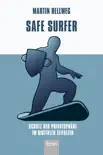 Safe Surfer - Schutz der Privatsphäre im digitalen Zeitalter sinopsis y comentarios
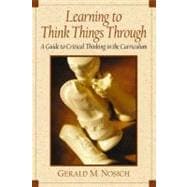 Learning to Think Things Through: A Guide to Critical Thinking Across the Curriculum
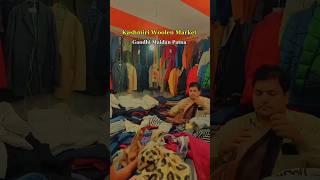 Kashmiri Woolen Market Patna 😍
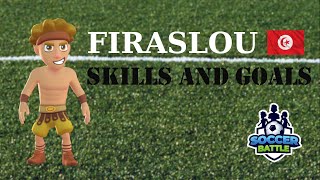 Firaslou - Skills & Goals | Soccer battle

Activity: This task calls for the listing to be restated exactly, with images omitted.

Answer box:
 Safe Surfer - Schutz der Privatsphäre im digitalen Zeitalter sinopsis y comentarios
 Learning to Think Things Through: A Guide to Critical Thinking Across the Curriculum
 Kashmiri Woolen Market Patna 😍
 Firaslou - Skills & Goals | Soccer battle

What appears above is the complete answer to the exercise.